Jürgen Hatheier, International CTO at Ciena, explains why the surge in AI training will eclipse cloud traffic and force operators to rethink capacity, automation and fibre strategy at 800 Gb/s and beyond.
Over the past 20 years, global broadband network traffic has increased at a steady, predictable rate. As cloud services, high-resolution video and other high-bandwidth applications have developed over that time, annual bandwidth increases of 20 to 30% have been sufficient to deal with the additional demands placed on the network.
But that is soon about to change thanks to the growth of AI workloads along with ambitious plans set forth by governments and businesses to compete in the AI race.
In the UK, for example, the AI Opportunities Action Plan aims to increase sovereign compute capacity by at least twenty times by 2030, stating “such expansion is critical if the UK is to keep pace”. Across the Atlantic, the US Department of Energy recently identified 16 federal sites where tech companies can rapidly build data centres to accelerate commercial development of AI.

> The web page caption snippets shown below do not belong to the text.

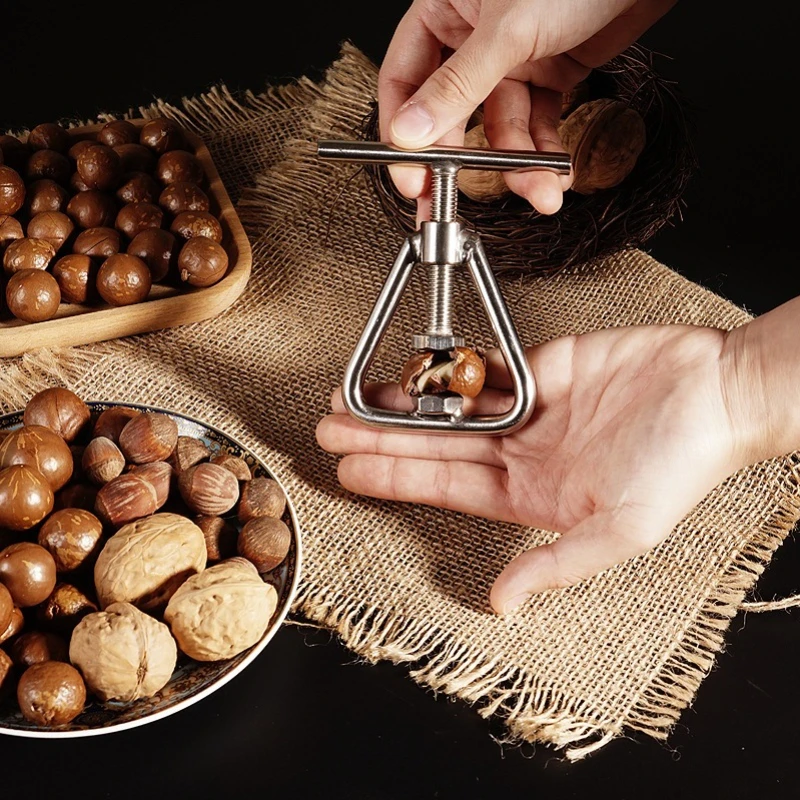 

Stainless Steel Walnut Cracker Nut Opener Macadamia Nut Egg Opener Tool Clamp Siberian Hazelnut Shell Separator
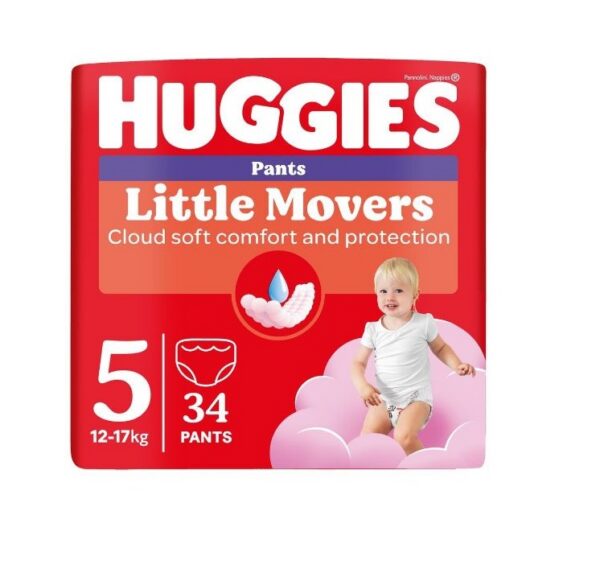 Huggies püksmähkmed Pants Little Movers 5 Girl 12-17kg 34tk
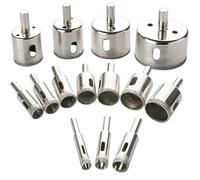 Metric 5-60mm Diamond Coated Hole Saw Drill Bit Tile Ceramic Glass Porcelain Marble Stone Rock Bottles Pots Porcelain Brick (1, 12mm)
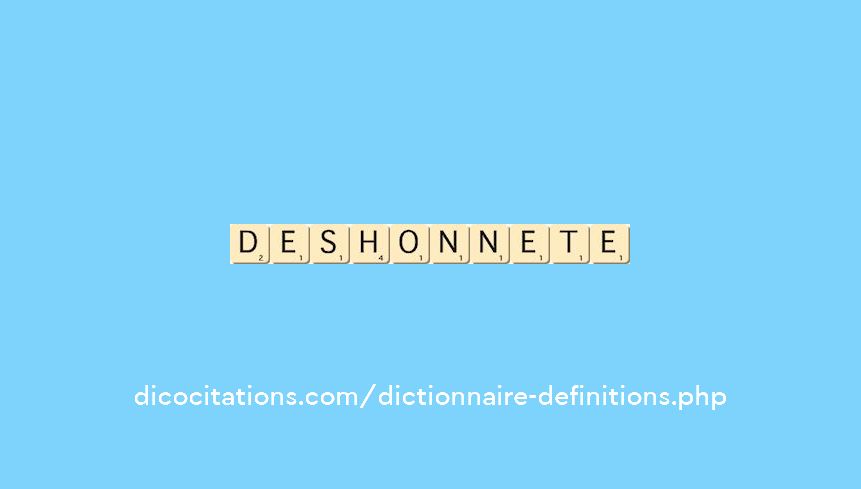 deshonnete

Meanwhile, the major hyperscalers are both optimising their data centres for AI workloads in addition to building dedicated AI data centres. Meta, for example, is in discussions to build a new AI data centre campus with costs exceeding $200 billion.
The growth in compute capacity driven by AI data centres will of course have implications on data centre interconnect (DCI), the networks used to link multiple data centres. Ciena recently commissioned a global survey of over 1,300 data centre experts to understand their expectations about AI’s impact on DCI in the coming years. The survey findings validated the well-known fact that AI is sparking a significant transformation in data centre network infrastructure.
AI’s impact on DCI
According to Ciena’s survey, more than half (53%) of data centre experts believe that, over the next two to three years, demands from AI workloads on DCI infrastructure will surpass those of cloud computing and big data analytics.
To meet these demands, significant investments in (and expansion of) data centre estates and infrastructure are underway. In fact, according to the survey, 43% of new data centre facilities are expected to be dedicated to AI workloads.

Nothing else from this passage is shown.